QueenSalmon nobody said what a cutie your are.You need to change your name to the Salmon Princess your not old enough to be a Queen. Just kidding congradulation on your first deer and good luck being a monitor.


----------



## mich buckmaster (Nov 20, 2001)

I say the same worm, 

I never knew I would see a moderator that is so young and is pretty. Good to see a girl that loves the outdoors. Congrats on being a moderator at this site.


----------



## trout (Jan 17, 2000)

Nice looking deer ya got there.
Were you bow or gun hunting?
Keep posting your picture ladies.
It's really nice to inspire the new hunters with a picture the says "Hey See I can do it"
Thats a trophy deer in my book for sure!


----------



## Joe Archer (Mar 29, 2000)

Definitely nice! <----<<<


----------



## stelmon (Sep 21, 2000)

Nice doe ya got there queensalmon


----------



## QueenSalmon (Feb 23, 2001)

Trout,

I got it with my bow. She was about 20 yards from my stand. 3 smaller ones walked in and she was the last. I didn't see her at first and was trying to decide which one of the 3 I would take. Then my eyes bugged out when she walked in. I was so excited!!! She came right in and stood broad side to me and I took the shot. I felt like I was on autopilot!!! I felt like I was still sitting and watching someone else do it.

Thanks for all the nice comments!!!! My husband told me He had to move my head out of the way to see the monitor cause it's getting so big with all your wonderful comments 

Thanks Again

QS


----------



## QueenSalmon (Feb 23, 2001)

I'm going to try this again. This is the same deer just a different pic













I hope it works!!! Please have patience with me? I'm usually a fast learner but this puter thing is kind of hard

QS


----------



## QueenSalmon (Feb 23, 2001)

WOW I think I got it !!! Now you are in big trouble. I have tons of pics to post 

QS


----------



## Tom222 (Oct 21, 2000)

I enjoy seeing pictures, but only if they are the real thing. The one you posted here is a hoax. That doe isn't dead, look it's winking at the camera  
Send some more. REAL ones this time


----------



## trout (Jan 17, 2000)

Tom: What deer?
HA HA HA 
QS Fire away your pic are very much appreciated.


----------



## QueenSalmon (Feb 23, 2001)

Tom, I've looked at my pictures of this Doe a million times I swear. I have never noticed that it appears that she is winking. Thanks for pointing that out I got a good laugh at that and can't wait to show my hubby it cause I don't think he even noticed it 

Trout, I have tons of pics that I have taken of many things in the outdoors. I absolutely love it.
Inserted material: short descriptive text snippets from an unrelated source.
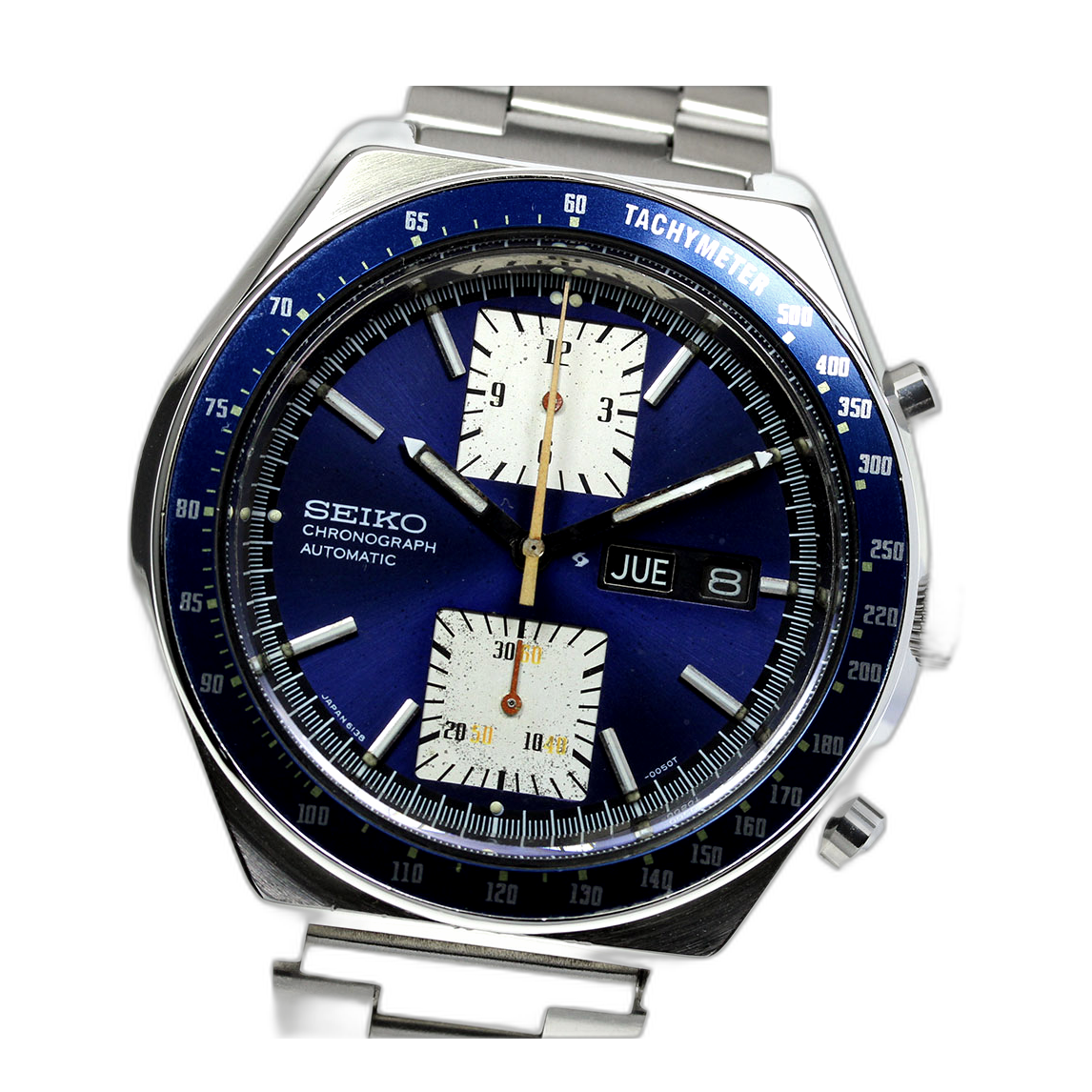 Seiko on sale 6138 speedtimer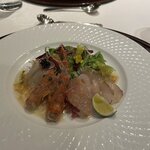 ＴＳＵＫＩＭＩＳＯ - 鮮魚のサラダ仕立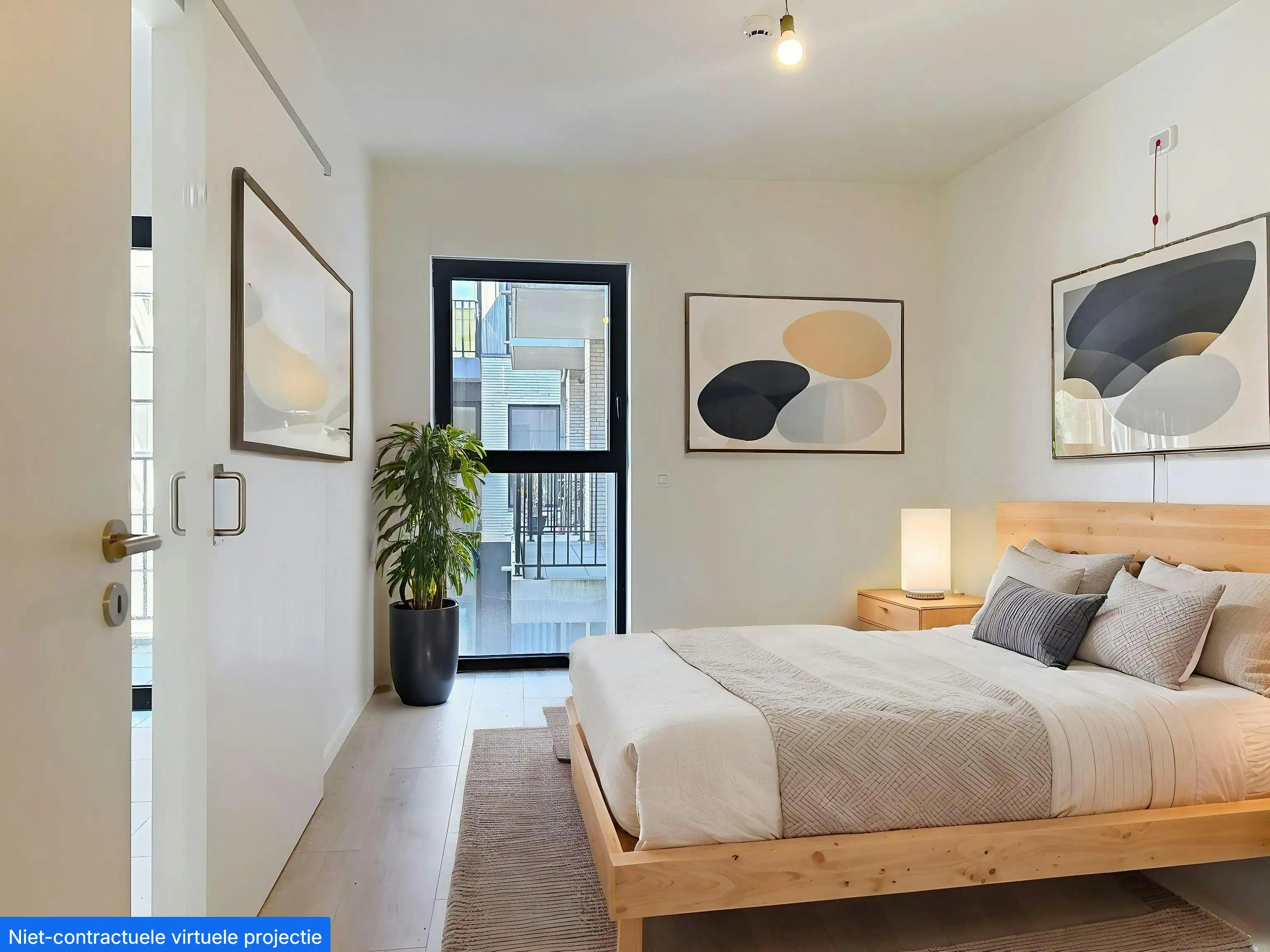 Nieuwbouw assistentieflat met terras te koop in Maldegem  foto 10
If we ever lost our jobs with Ford we would either move to the UP or to AK. I would love to live an hour or two away from civilization.


QS


----------



## unregistered55 (Mar 12, 2000)

Why don't I see any Pics?


----------



## knockoff64 (Oct 14, 2001)

I Was wondering the same thing NO!


----------



## QueenSalmon (Feb 23, 2001)

What happened to the pics they were there the other day!?! How do I fix it? PLEASE someone help me and my beautiful deer 

QS


----------



## Steve (Jan 15, 2000)

The picture must not be at the same address that it was the other day.


----------



## Spanky (Mar 21, 2001)

I just downloaded it and I got some great pics on my screen. 
QS that is a great photo, a Dandy! And the deer aint too bad either! 
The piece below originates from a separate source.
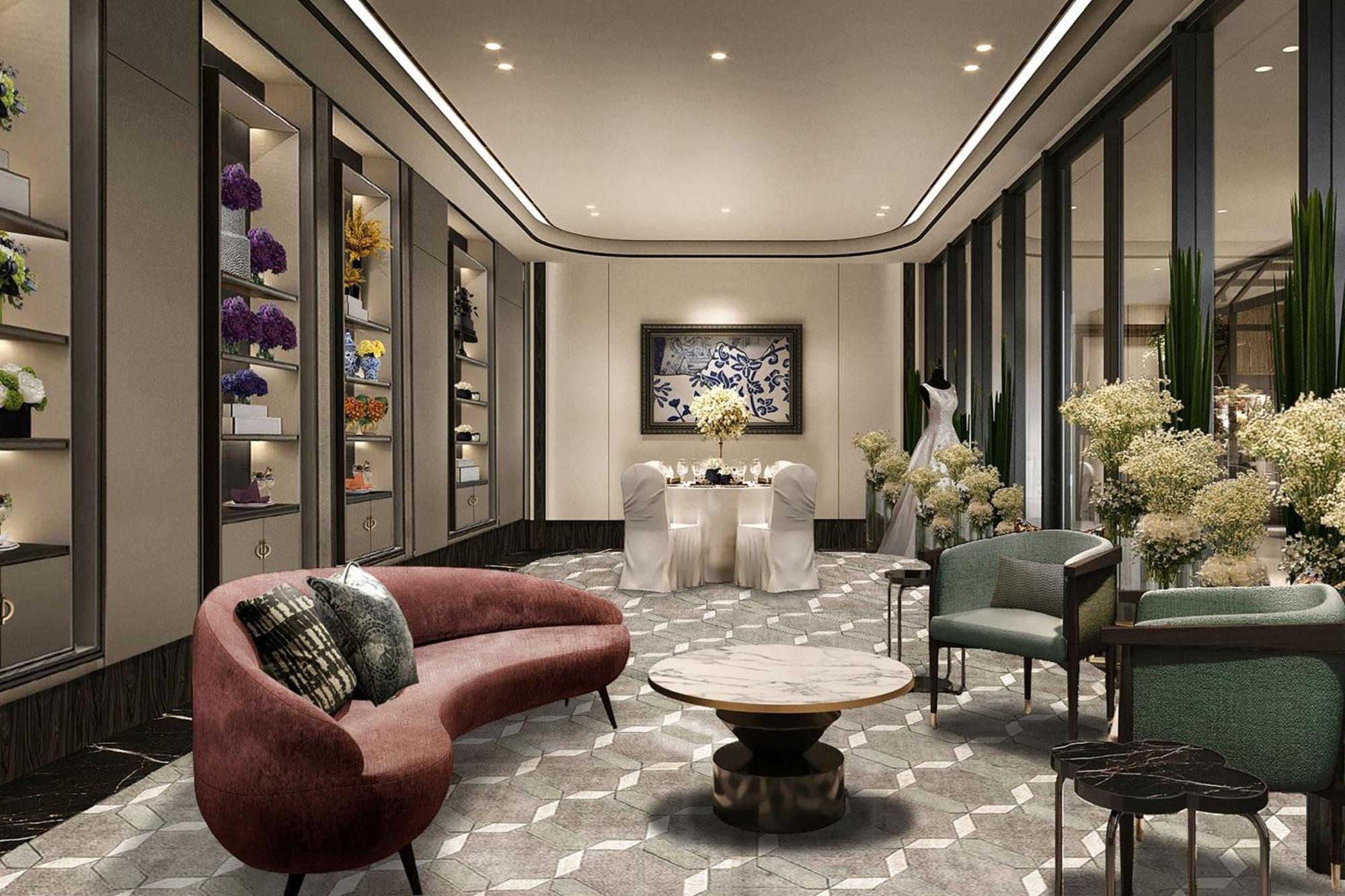 Hotel The Millen Penang, Autograph Collection Georgetown Exterior foto The interior of the new store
Just couldn't resist. I'd say that buck is one lucky dude!


----------



## Kevin (Oct 4, 2000)

Pics are back and they look great! Nice deer QS.

-Kevin


----------



## SPORTSMAN (Jun 2, 2000)

Nice deer Q S
I'm sure those back straps were mighty tastee


----------



## Big Game (Feb 7, 2002)

Nice looking deer. I will have to show my wife that women can hunt to. She like to go along but doesn't think she would ever be able to shoot one.


----------



## wild bill (Apr 20, 2001)

were those pics taken at grand lake party shoppe? if so i recall that was one big doe.


----------



## wild bill (Apr 20, 2001)

i just noticed that you are from howell so that pic must be from robs store. also if i recall didnt your hubby get a nice buck this year? it seems that i saw a pic of him also.


----------



## QueenSalmon (Feb 23, 2001)

Wild Bill,

Yes that was at Rob's store We live in Sunrise Park on Lake Chemung. We have been here for almost 2 years. Does your girlfriend live in Howell? I just read your other post and responded

She was a beauty!!!!! My husband got 2 bucks one 10pt and a AWESOME 8pt!!!! . 

Big Game, Get your wife to become a member of the site!! I'm the kind of girl who cries when I run over animlas when I hit them with my car I wasn't sure if I would be able to do it either!!!! However after you spend all that time preparing and waiting for that deer to come in...the urge just takes over!!!!!! When I shot her I felt like I was on autopilot. The adreniline rush is amazing!!!! There's nothing like it. 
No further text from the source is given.